If your solution works so well, why is your project still so small?: We need our first killer integration! We’ve fought tooth and nail to overcome this chicken-and-egg problem. We hope an Aavegotchi integration can accelerate our growth tremendously.
I’m not comfortable putting my biometrics on the blockchain/connecting biometrics to my wallet: Proof-of-Existence does not actually write any biometric info to the blockchain. We use biometrics to see if a wallet is authenticated by a unique individual and then sign that wallet up. The blockchain only gets information on which wallets to whitelist. Wallets only carry the information that they have signed up (through POE token) but there is no way to use someone’s wallet to get their output hash (and like before, even if someone did get the output hash – you can’t use that to get the sensitive biometric input).
What happens if my wallet gets hacked/private key stolen?: From above, your biometrics are not imprinted or published to your wallet. A hacker has no way to retrieve biometric information if they get access to your wallet. As far as your enrollment, we can burn-and-restart enrollments for individuals who face a compromised wallet (this will ultimately be automated).
Proof-of-Existence Roadmap Information
POE is live today and multi-chain with Polygon support. Understand that the Authentication Portal may require users to switch their network to mainnet, but there is no transaction with signup and signup authenticates users on every supported chain.
Our self-serve minter recently upgraded to the first iteration of Polygon support. However, the UI/UX is still clunky. We will continue to improve the experience over time. This video outlines some of the kinks you may run into and the proper steps to mint your token.
We additionally are iterating over UI/UX improvements to make the process as seamless as possible for users.
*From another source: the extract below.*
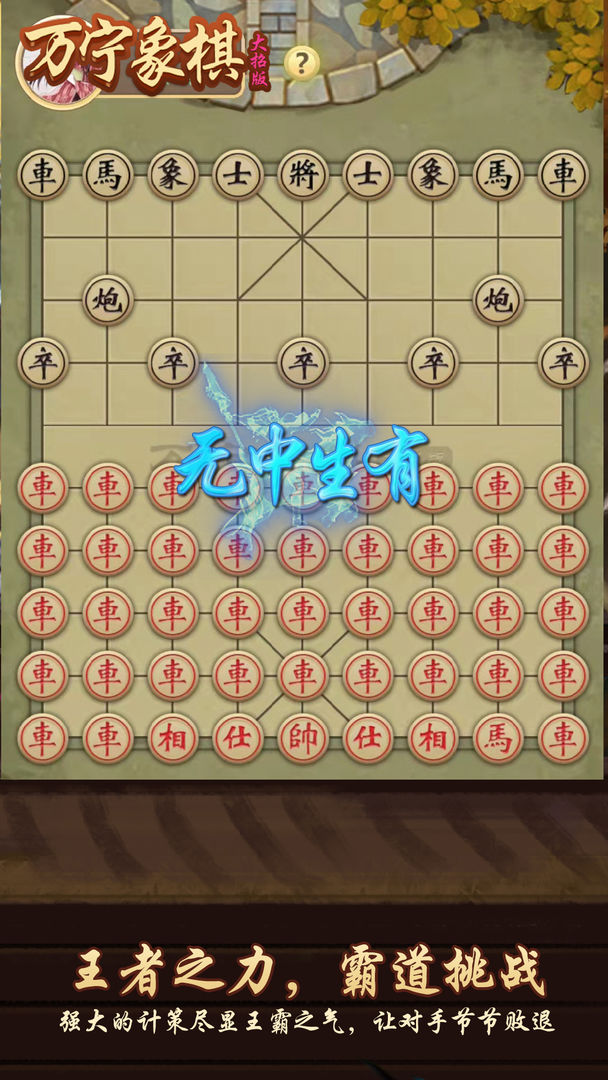 万宁象棋软件封面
Some pending upgrades include:
- Voice meter for users to see their audio input
- Better feedback on camera lighting
- Countdown timer to when recording begins
- Retry button in case of failure to authenticate
- Revision of application text and formatting to guide user attention
Further upgrades will be slotted and prioritized per the feedback received from new users.
Users today are able to mint their POE token with a simple txn. There is no cost beyond gas associated with this txn today. However, there is a variable in the contract that supports a signup cost. In the future, with many projects supporting POE, we will turn this cost on to pay for our own costs and support our DAO.
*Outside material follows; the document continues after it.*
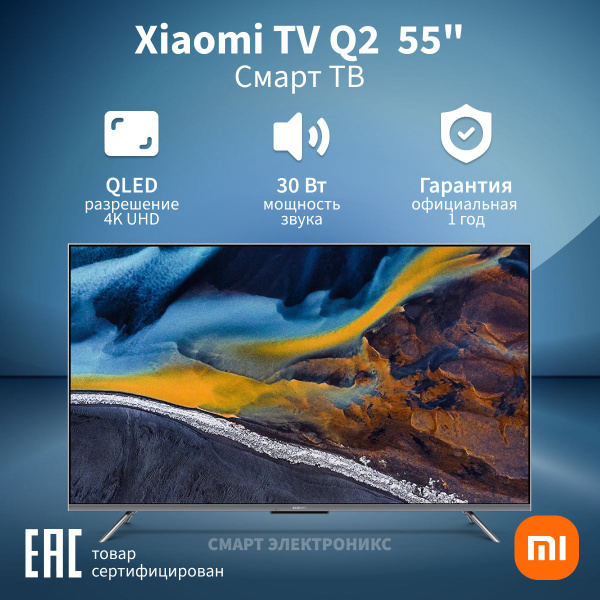 Купить телевизор Xiaomi TV Q2 50 55" - купить с доставкой по выгодным ...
Proof-of-Existence supports signups at any scale. We can certainly support the entire Aavegotchi playerbase with no issue.
Decentralization Story
Lastly, as Governor DAO grows and resources become available, we are ultimately looking to create a decentralized system for integrating biometrics APIs. There are several alternatives to Finnovant that are appropriate for Proof-of-Existence, and our vision ultimately is to use some combination of these different providers and advanced users can self-select the API they feel most comfortable with (Finnovant or otherwise).
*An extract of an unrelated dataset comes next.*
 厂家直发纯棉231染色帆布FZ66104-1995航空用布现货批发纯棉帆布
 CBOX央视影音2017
In Closing – Governor x Aavegotchi: First Ever Bot-Proof Gaming
We would like to offer a helping hand to Aavegotchi. We know, with 100% certainty, that our technology works perfectly for blockchain gaming. We know how important it is for Aavegotchi to determine the best usecase to fight the bots. And we know that our ability to firmly place Aavegotchi in the forefront of web3 gaming as the industry’s first successful “bot killers” will drive a ton of attention back to Governor DAO and help put our small project on the map.
Let’s help each other drive this industry forward.